Originally Posted By: Quattro Pete
Originally Posted By: lawman1909
With all my cases, adding up EVERY penny I spent, I saved a few hundred to a thousand dollars by leasing, then buying with cash.
I'd be interested in seeing your full math on this.
+1 This makes zero sense to me. Even the best negotiation on cars that barely depreciate (say some bare bones honda) and with low mileage caps still dont make sense...
If you do the math on the "money factor" youll see that it is way higher than any reasonable new car loan, let alone the manufacturer incentive ones.

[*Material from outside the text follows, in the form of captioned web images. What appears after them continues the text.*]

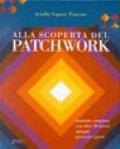 Alla scoperta del patchwork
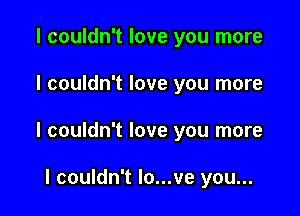 I couldn't love you more

I couldn't love you more

I couldn't love you more

I couldn't lo...ve you...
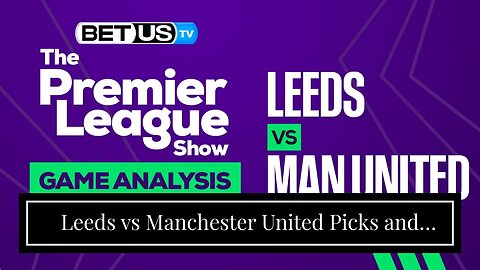Leeds vs Manchester United Picks and Predictions: Back Rashford to Cash In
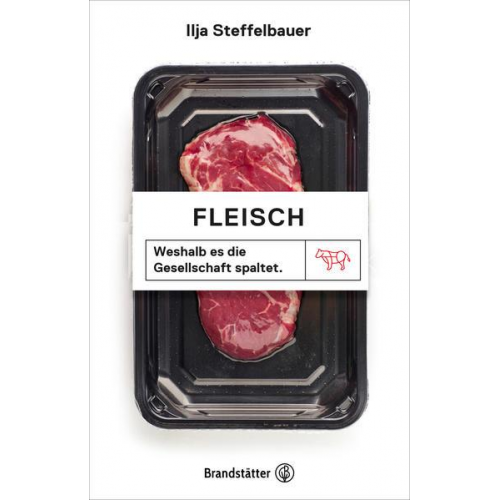 Ilja Steffelbauer - Fleisch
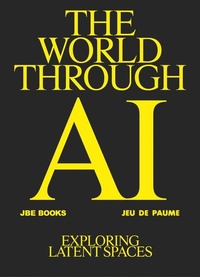 Enlarge image Cover: The World Through AI, Exploring Latent Spaces - Jean Boite editions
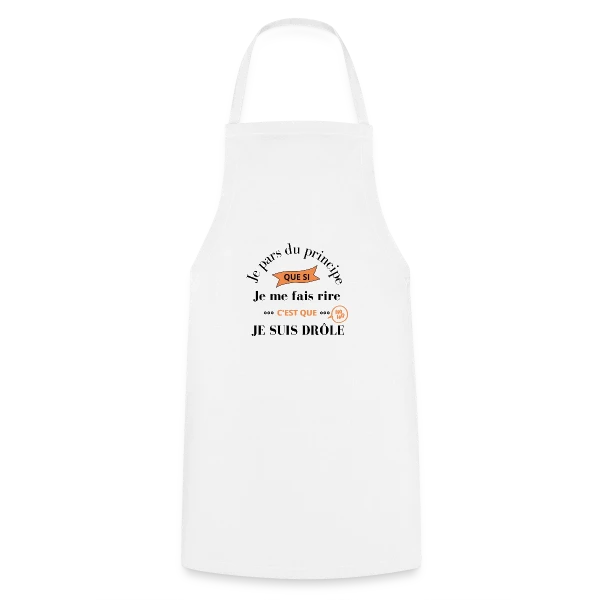 Je Suis Drôle Principe Humour sur Tablier de cuisine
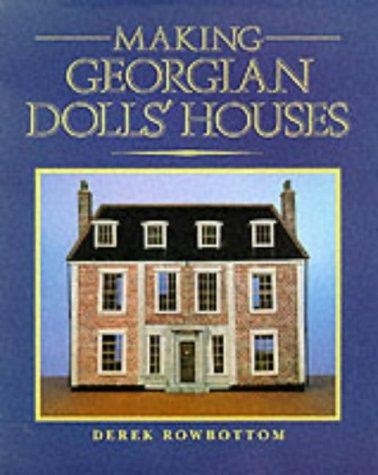 Making georgian dolls houses - making, dolls'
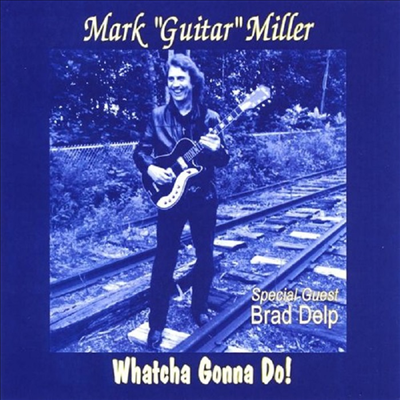 Mark Miller - Whatcha Gonna Do(CD-R)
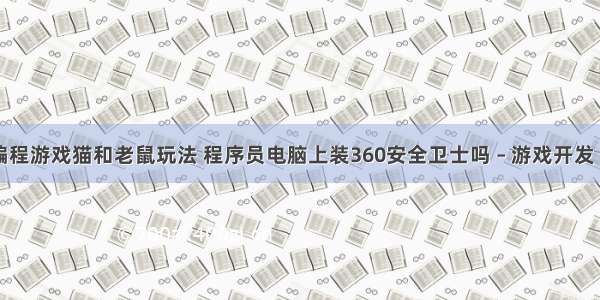 儿童编程游戏猫和老鼠玩法 程序员电脑上装360安全卫士吗 – 游戏开发 – 前端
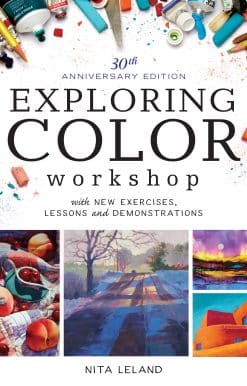 Exploring Color Workshop, 30th Anniversary Edition: With New Exercises, Lessons and Demonstrations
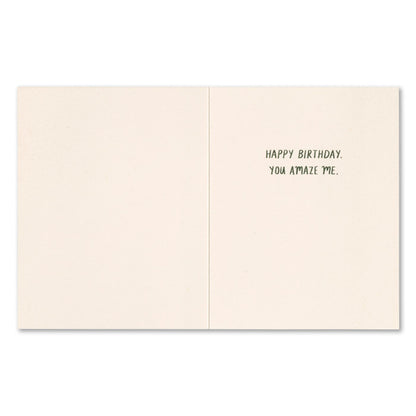 "Each year just makes you..." Birthday Card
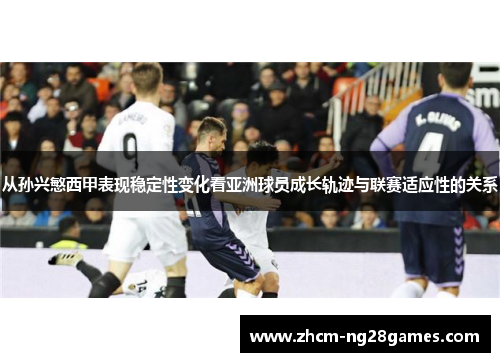 从孙兴慜西甲表现稳定性变化看亚洲球员成长轨迹与联赛适应性的关系 从孙兴慜西甲表现稳定性变化看亚洲球员成长轨迹与联赛适应性的关系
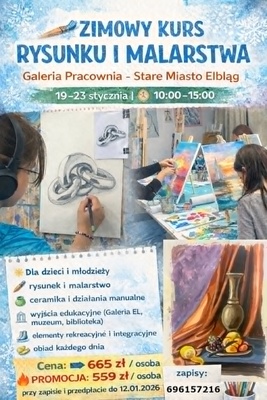 Elbląg 🎨 PÓŁKOLONIE ZIMOWE / ZIMOWY KURS RYSUNKU I MALARSTWAGaleria Pracownia – Stare Miasto
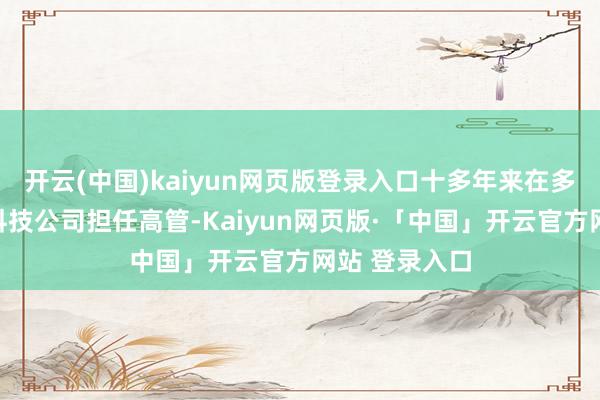 开云(中国)kaiyun网页版登录入口十多年来在多家好意思国科技公司担任高管-Kaiyun网页版·「中国」开云官方网站 登录入口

I get it that if youre a careful driver, and dont wear tires fast, dont get cars dirty, dinged and dented, that it is possible to return them without penalty... and Ill bet that if youre renting again with the same dealer or family of dealerships, to make the deal, they may overlook more. But they are still making money someplace.
At the end of the day, its really as simple as this...

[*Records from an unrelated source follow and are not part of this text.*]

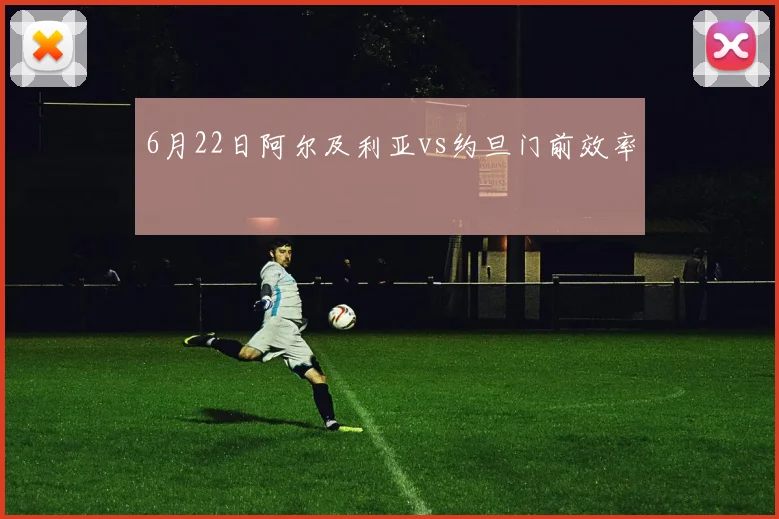 6月22日阿尔及利亚vs约旦门前效率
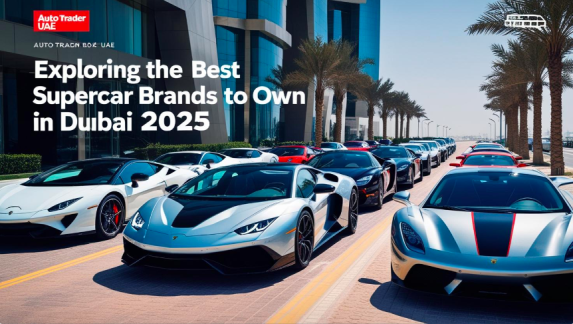Best Supercar Brands to Own in Dubai 2025
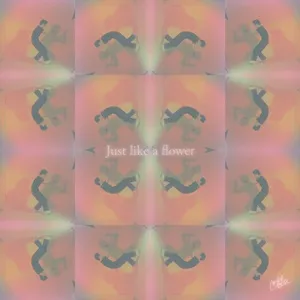 Just Like A Flower (Single) - My Q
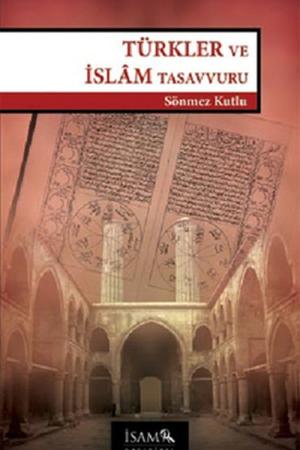 Türkler ve İslam Tasavvuru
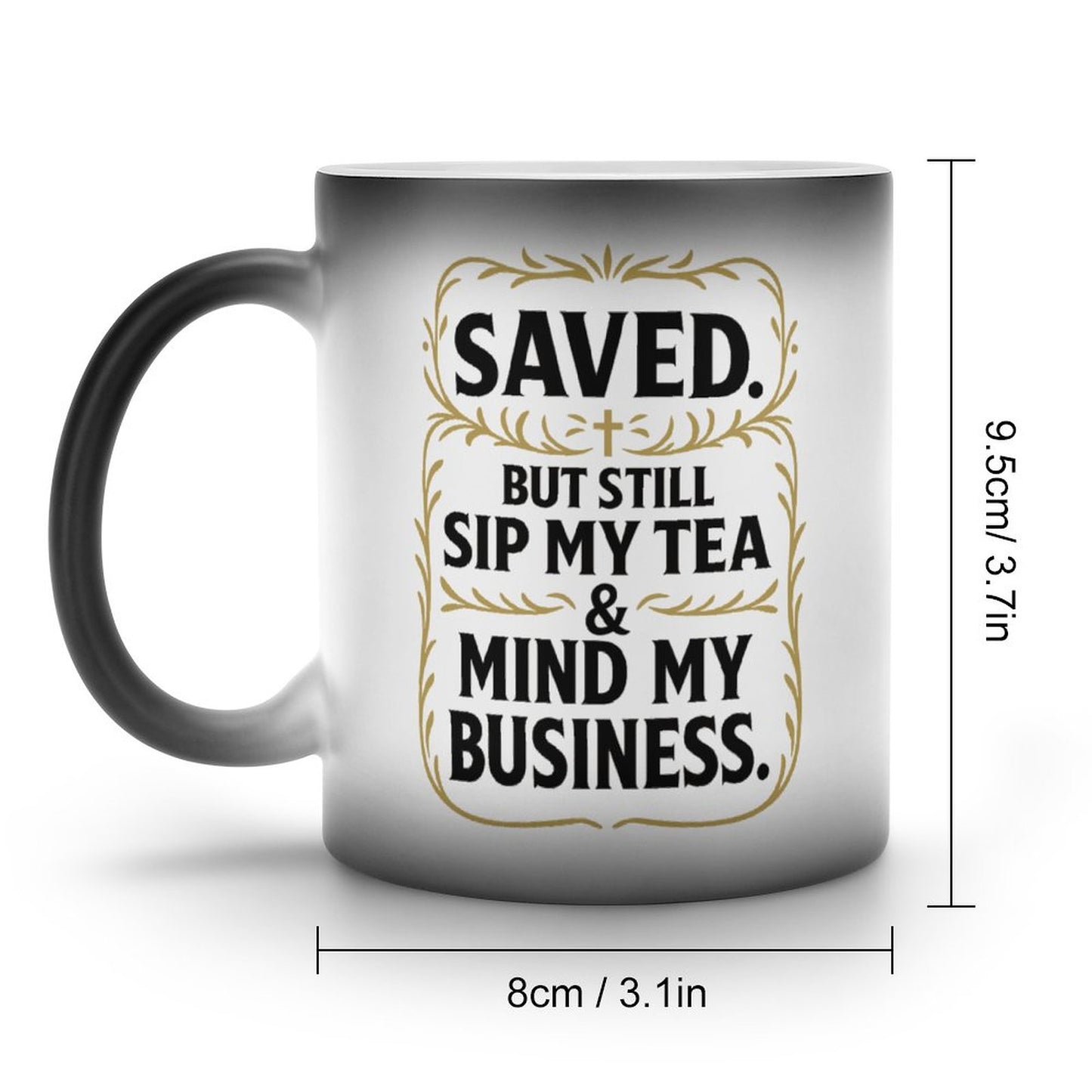 Saved. But Still Sip My Tea & Mind My Business-11oz Color-Changing Mug.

A dealer that sells a car to a buyer, cash, third party financed, or even manufacturer financed, had some upfront funds on the line for the car, but as soon as it is driven off the lot, it is somebody else's issue.
A dealer that leases a car still has retained interest and ownership in that car, even if there is some relief via the manufactuer's financing and leasing arm. Why? Because somebody associated with the dealer or manufactuer still owns that car throughout the lease period, and then has to get it back and resell it. Now, sometimes there is more profit in used cars than new ones, but a lease isnt "buying" a trade-in at below market value. Everything was decided before. So now they have something that may be a good or bad sale, at best they can CPO it for some premium, at worst, auction it and (hopefully) break even.

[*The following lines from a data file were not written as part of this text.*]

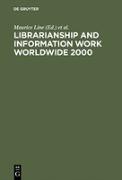 Librarianship and Information Work Worldwide 2000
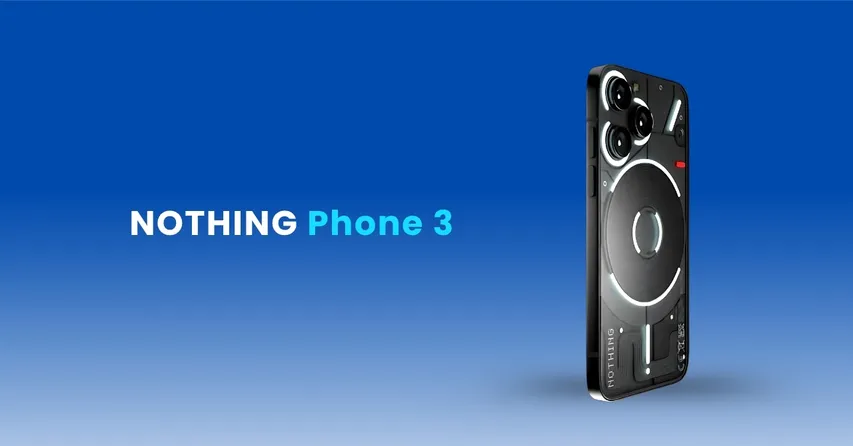 Nothing Phone 3 Launch_ Know the official confirmation tomorrow!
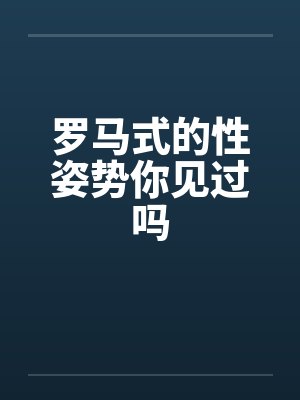 罗马式的性姿势你见过吗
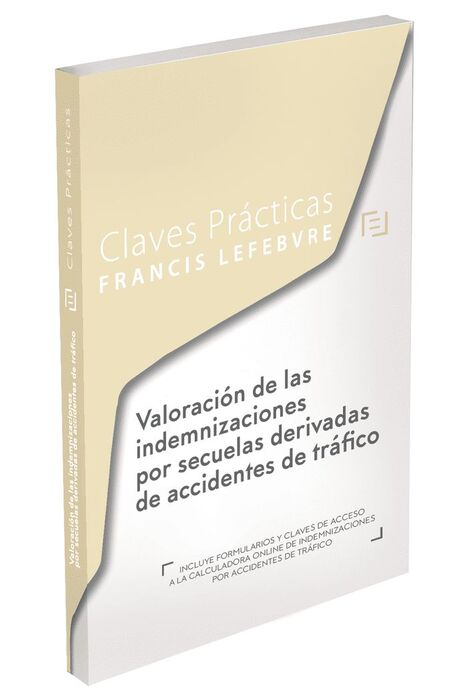 CLAVES PRÁCTICAS VALORACIÓN DE LAS INDEMNIZACIONES POR SECUELAS DERIVADAS DE ACC
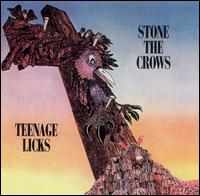 Stone the Crows - Teenage Licks lyrics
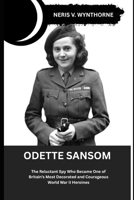 Odette Sansom: The Reluctant Spy Who Became One of Britain’s Most Decorated and Courageous World War II Heroines B0F8V8JGLD Book Cover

There are more touches, more risk, in a lease. That's why the interest rate (MF) on a lease is higher, and why it must be more expensive. Even if the sale of a car is the loss leader portion, as theyre hoping to make money on long term service and maintenance, there are jus too many unknowns for a leased car, so the risk/reward needs to be adjusted in the favor of the vehicle owner who is taking a risk.
It is false economy to think that a lease is cheaper, or that it cost less than ownership, even if a half-decent loan (which I dont advocate) is taken out.